■ DIRECTIONS FOR THIS TASK
Beginning with the line that contains "جناح جونيور, Noi Indigo Patagonia", restate each line below through the final one exactly, and exclude the pictures.
*** Opening STUDY MATERIAL ***
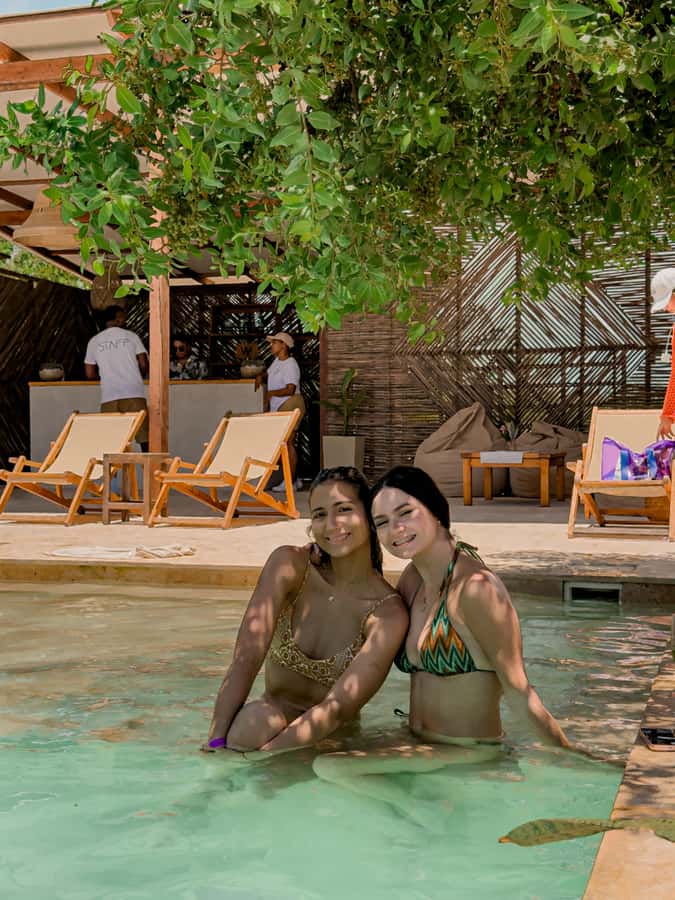 Cartagena: Rosario Islands Day Tour with Snorkel & Lunch - What the guides add to the day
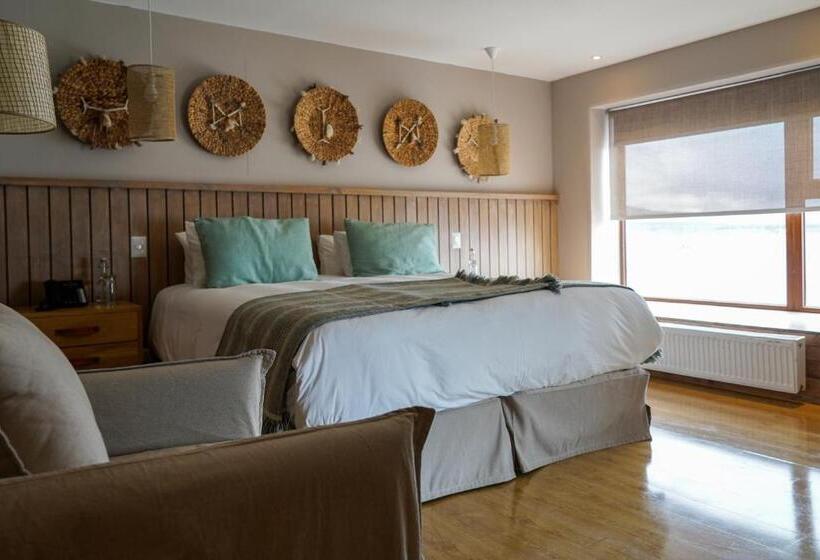 جناح جونيور, Noi Indigo Patagonia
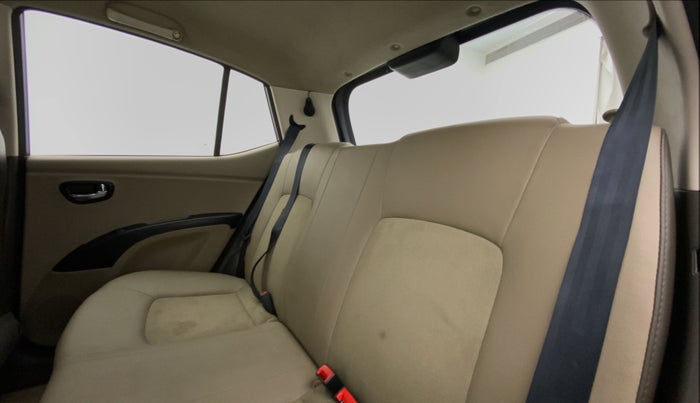 2015 Hyundai i10 SPORTZ 1.1 IRDE2, Petrol, Manual, 51,058 km, Right Side Rear Door Cabin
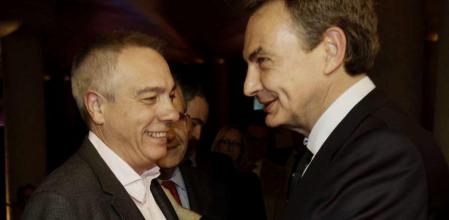 El expresidente del Gobierno José Luis Rodríguez, saluda al primer secretario del PSC, Pere Navarro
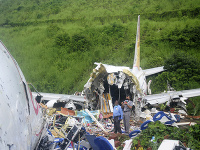 Lietadlo v Indii skĺzlo z dráhy a rozlomilo sa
*** Closing STUDY MATERIAL ***
■ TASK RESULT
 جناح جونيور, Noi Indigo Patagonia
 2015 Hyundai i10 SPORTZ 1.1 IRDE2, Petrol, Manual, 51,058 km, Right Side Rear Door Cabin
 El expresidente del Gobierno José Luis Rodríguez, saluda al primer secretario del PSC, Pere Navarro
 Lietadlo v Indii skĺzlo z dráhy a rozlomilo sa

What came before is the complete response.